Everyone came to see the baby, and I held him and smiled for the cameras, but I wasn’t feeling it. I felt disappointed and disconnected from this little person. I was glad when everyone left so I could have a good cry. I planned for a girl and I wanted a girl. I didn’t know how to be a mom to a boy.
The next morning was the first time the baby and I had any extended time alone together. After I nursed him I promptly put him back in his bed and rang for the nurse, just like I’d done after the previous feedings. This time they told me he had to stay so we could bond. I was not interested in bonding with this little person that was the source of all my disappointment. I just wanted to cry some more.

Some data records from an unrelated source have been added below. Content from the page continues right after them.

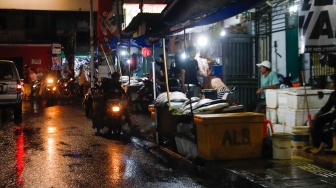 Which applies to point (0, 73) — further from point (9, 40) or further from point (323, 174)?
point (9, 40)

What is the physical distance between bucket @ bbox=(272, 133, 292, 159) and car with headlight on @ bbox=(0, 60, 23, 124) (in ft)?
33.4

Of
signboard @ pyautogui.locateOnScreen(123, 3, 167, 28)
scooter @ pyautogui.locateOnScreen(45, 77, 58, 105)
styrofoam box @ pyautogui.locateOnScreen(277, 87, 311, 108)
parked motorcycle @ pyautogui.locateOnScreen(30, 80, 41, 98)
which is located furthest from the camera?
parked motorcycle @ pyautogui.locateOnScreen(30, 80, 41, 98)

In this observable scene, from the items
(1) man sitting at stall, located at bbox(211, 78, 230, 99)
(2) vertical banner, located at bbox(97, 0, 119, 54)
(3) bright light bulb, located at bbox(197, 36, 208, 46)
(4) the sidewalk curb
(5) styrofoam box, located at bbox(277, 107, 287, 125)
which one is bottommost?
(4) the sidewalk curb

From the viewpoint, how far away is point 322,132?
317 inches

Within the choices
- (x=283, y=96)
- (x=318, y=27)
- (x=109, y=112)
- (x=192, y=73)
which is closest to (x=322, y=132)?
(x=283, y=96)

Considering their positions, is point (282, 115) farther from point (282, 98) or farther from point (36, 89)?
point (36, 89)

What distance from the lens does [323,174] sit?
6.73 metres

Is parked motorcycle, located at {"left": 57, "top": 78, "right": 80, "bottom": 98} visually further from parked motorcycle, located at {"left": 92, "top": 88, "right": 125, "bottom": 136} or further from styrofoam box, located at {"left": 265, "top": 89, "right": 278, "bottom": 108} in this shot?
styrofoam box, located at {"left": 265, "top": 89, "right": 278, "bottom": 108}

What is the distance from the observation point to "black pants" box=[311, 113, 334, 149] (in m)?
7.95

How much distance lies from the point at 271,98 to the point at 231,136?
279cm

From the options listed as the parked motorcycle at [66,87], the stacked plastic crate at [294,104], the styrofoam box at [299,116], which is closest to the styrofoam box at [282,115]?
the stacked plastic crate at [294,104]

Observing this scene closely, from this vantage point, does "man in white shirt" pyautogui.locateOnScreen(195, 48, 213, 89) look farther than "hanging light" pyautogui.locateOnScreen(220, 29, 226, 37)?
Yes

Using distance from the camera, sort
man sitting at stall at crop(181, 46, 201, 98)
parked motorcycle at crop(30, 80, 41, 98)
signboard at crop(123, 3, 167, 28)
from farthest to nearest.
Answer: parked motorcycle at crop(30, 80, 41, 98) → signboard at crop(123, 3, 167, 28) → man sitting at stall at crop(181, 46, 201, 98)

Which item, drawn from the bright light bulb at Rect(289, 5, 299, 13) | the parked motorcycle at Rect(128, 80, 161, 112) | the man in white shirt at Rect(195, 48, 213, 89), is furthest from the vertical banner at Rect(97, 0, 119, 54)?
the bright light bulb at Rect(289, 5, 299, 13) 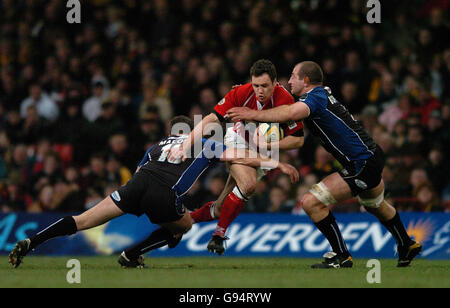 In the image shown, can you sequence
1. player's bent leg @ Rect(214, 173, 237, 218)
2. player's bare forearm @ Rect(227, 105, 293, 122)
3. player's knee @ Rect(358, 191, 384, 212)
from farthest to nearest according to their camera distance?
1. player's bent leg @ Rect(214, 173, 237, 218)
2. player's knee @ Rect(358, 191, 384, 212)
3. player's bare forearm @ Rect(227, 105, 293, 122)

After a couple of hours, I looked at him. I really looked hard at him for the first time since he’d been born. I saw the satiny little white peach fuzz on his head and the perfect little bow shape of his pink mouth. Then he looked at me with those big beautiful blue eyes. I busted out crying, picked him up and told him, “I may not know how to be a mommy to a little boy and you may grow up to be a big sissy, but I’ll love you no matter what." We’ve been inseparable ever since.
Although my perfectly planned day went nothing like it was supposed to, I still consider the day Maxwell Joseph was born to be the best day of my life. He’s almost three years old now and the absolute light of my life. And he’s not a sissy!